Successful trial with self-driving locomotive on Dutch Betuweroute
On Wednesday, rail freight operator Rotterdam Rail Feeding, infrastructure manager ProRail and Alstom conducted a successful test drive with a self-driving locomotive on the Betuweroute, the freight dedicated railway line in the Netherlands. According to Innovation Manager Chris Verstegen from ProRail, the experiment was “the start of the era of automatic driving”.
ProRail director Pier Eringa, Minister Cora van Nieuwenhuizen of Infrastructure, a train driver and a test driver were present in the cabin. Van Nieuwenhuizen was asked to press the start button of the self-propelled system, after which the locomotive continued driving independently. During the test, the locomotive mixed with existing train traffic on the Betuweroute, which was a world’s first according to ProRail and Alstom. The test drive could be followed via a lifestream for journalists and those involved.

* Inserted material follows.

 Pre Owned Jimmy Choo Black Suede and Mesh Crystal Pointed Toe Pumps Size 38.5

Automatic Train Operation (ATO)
Prior to the test, an Automatic Train Operation (ATO) system was built into the locomotive. During the trial the Grade of Automation level 2 (GoA2) was applied, where the train takes over certain driving tasks from the driver, but the driver is present in the cab and supervises the journey.
The locomotive completed a trajectory of 100 kilometers in both directions, testing different functionalities of the system. During the experiment the locomotive drove according to a certain timetable, whereby it was checked whether the vehicle stopped punctually and accurately at the right location. During a simulation, the train had to deviate from the timetable and anticipate a new situation.

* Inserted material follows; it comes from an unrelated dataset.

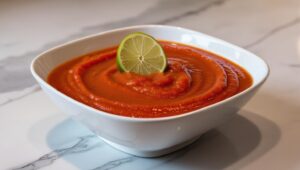 bowl of gazpacho in a white square bowl with a lime wedge garnishment sitting atop a light marble counter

Drivers fear of losing job
ProRail director Pier Eringa emphasised that the aim of this test is not to remove the driver from the cabin. The train driver is “maximally supported with the techniques that are already available”. By adding the autopilot, the operator becomes more “a companion for the control of the train”. Therefore, according to him, the human factor is no longer the limiting factor, “but the combination of people and technology ensures that much more is possible on the track”.
Minister Van Nieuwenhuizen added that train drivers should not be afraid to lose their job”. “A driver is still needed, for example, if someone is walking alongside the track or if a tree is falling on the track. The job of a driver will change through digitisation, but the driver will not disappear. ”
Experimentation law railway
According to Eringa, complex regulations sometimes hinder the development of techniques such as ATO. He points out that it is therefore difficult to test new technologies on the track. Van Nieuwenhuizen: “I recently carried out the experimentation law for road traffic. I can imagine that this should also be possible for railways. “The experimentation law for road traffic makes it easier for companies to carry out experiments with self-driving vehicles, among other things. Eringa points out that this has not yet been arranged for railways.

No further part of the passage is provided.